Dyal Singh Majithia( 1848/9-1898) has been rightly described as the most notable Punjabi of his time. (Majithia as the last name is a geographical indicator; Dyal Singh’s clan name was Gill or Shergill.) Extremely wealthy through landed inheritance and his own commercial enterprise, he devoted his entire wealth and life to public cause. His most enduring legacy is the founding in 1881 of The Tribune, which has remained a well-respected and influential newspaper of Punjab region. It is no coincidence that The Tribune is a year older than the Panjab University Lahore; the paper was set up to successfully advocate the cause of the new university as a modern institution.

Dyal Singh was ‘an admirer and supporter’ of the Brahmo movement. Although in Punjab Brahmo Samaj speedily lost ground to the more militant and broad-based Arya Samaj, it did constitute a small but valuable intellectual resource comprising Bengalis and a handful of well educated Punjabis.

Since Dyal Singh had no children he decided in consultation with his friends and advisors to vest most of his immovable and movable property in three public trusts, one for The Tribune,  and the other two for a proposed College and Public Library both subsequently named after him. The three executors of the will, Jogendra Chandra Bose, Charles Golak Nath and Harkishen Lal, were all advocates or pleaders. They were also named trustees of The Tribune and made members of the other two, larger, trusts as well.

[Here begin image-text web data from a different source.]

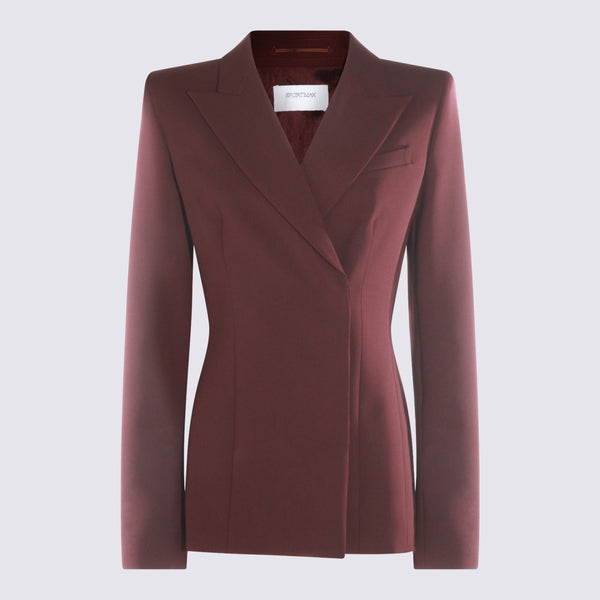 Sportmax 95% Virgin Wool blazer in burgundy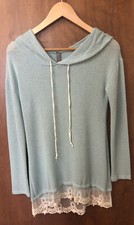 Jesse  J Womens Light Teal Green Pullover Hoodie Sweater Medium M Lace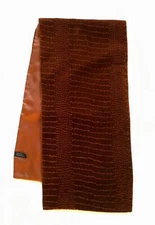 NWOT Reversible Scarf By Summer Tompkins Brown Velvet Satin Crocodile Textured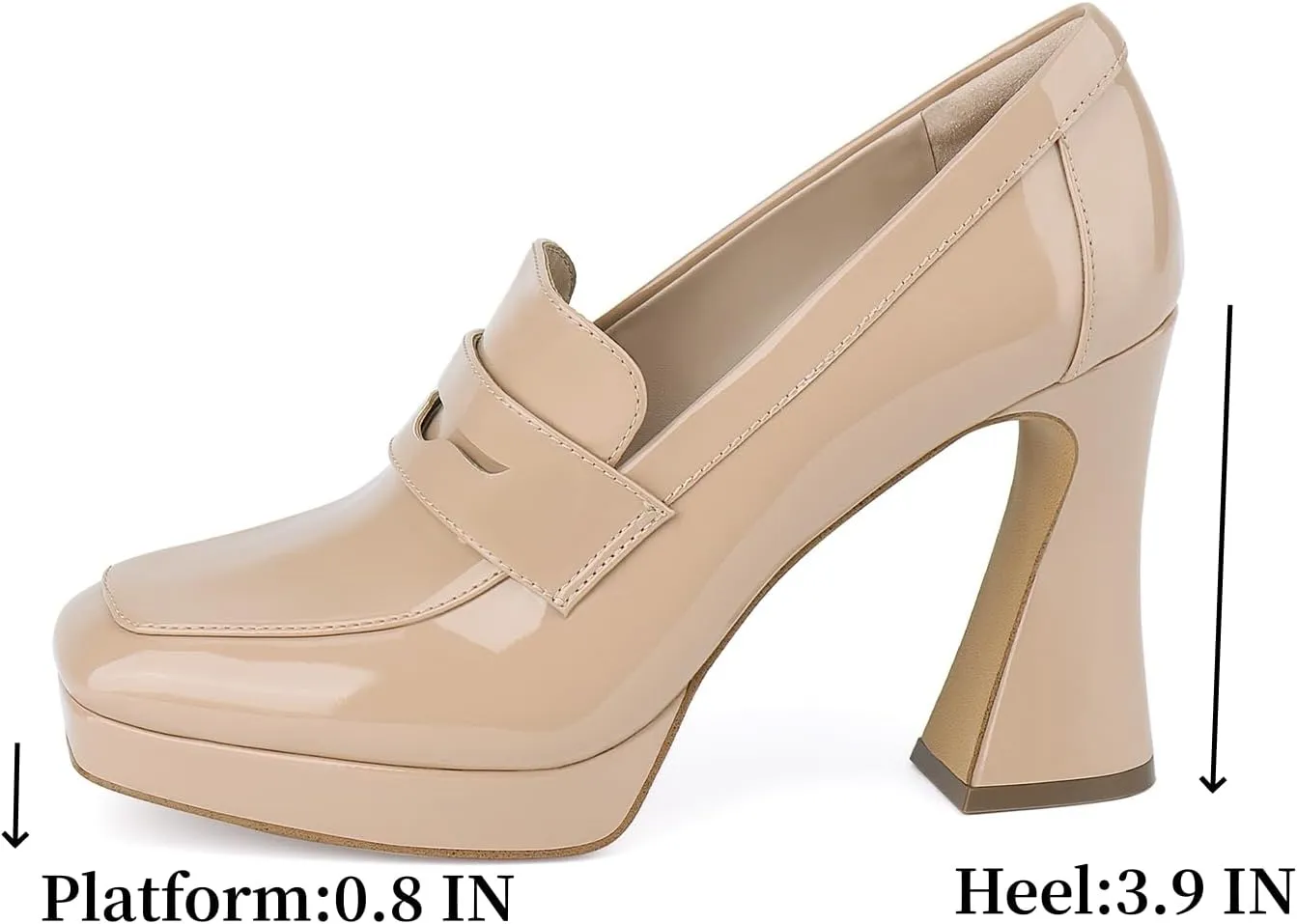 JENN ARDOR Women's Platform Loafer Heels Square Closed Toe Chunky Block High Penny Loafers Pumps Elegant Comfort Casual Slip On Wedding Dress Shoes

Dyal Singh’s last will was opposed tooth and nail by his relatives especially his estranged Amritsar-based wife Rani Bhagwan Kaur and to a smaller extent by the Karachi-based ‘Mrs Lily Catherine Gill’, ‘an East-Indian lady, claiming to have been married to the deceased’. An application for probate of the will was made by the executors on 18 February 1899. A two-judge Civil Court which examined the matter at length rejected the contentions made by the objectors and granted the probate on 19 April 1900. Bhagwan Kaur then took the matter to the judicial committee of the Privy Council which dismissed her appeal on 5 August 1903. 

On the founder’s day this year,  that is on 2 February 2016, The Tribune paid tribute to its founder through an article titled ‘Visionary who helped shape modern Punjab’, written by Rajinder Mohan S Chhina, Honorary Secretary, Khalsa College Charitable Society, Amritsar. The article claims that Dyal Singh ‘was a devout Sikh’.

The Tribune has often written on Dyal Singh. It is the first time mention is made of his devoutness as a Sikh. The claim is extraordinary, because it is not supported by any evidence. All known evidence in fact points to the contrary.

A major objection raised by Dyal Singh’s widow concerned his religion. She argued that ‘certain personal habits of the testator [ Dyal Singh] in respect to diet and otherwise were inconsistent with Hindu or Sikh orthodoxy, and so excluded him from the term Hindu in the Act’. Note that for the purpose of various acts applicable in the case, the term Hindu included Sikh. The Chief Court asserted, and the Privy Council concurred, that even if  Dyal Singh’s religious and social practices were ‘heterodox’, this did not mean that he ceased to be a Sikh.

Chief Court’s judgment on Dyal Singh’s probate case has come to be recognized as an important document in the legal history because of its pronouncements on what constitutes religious inclusion. Had Dyal Singh been a devout Sikh, the prolonged litigation would have been unnecessary.

Irony in The Tribune’s 2016 tribute to its founder should not be missed. On the one hand, tributes are being paid to Dyal Singh’s vision and leadership. At the same time attempts are being made to place him in a religious straitjacket.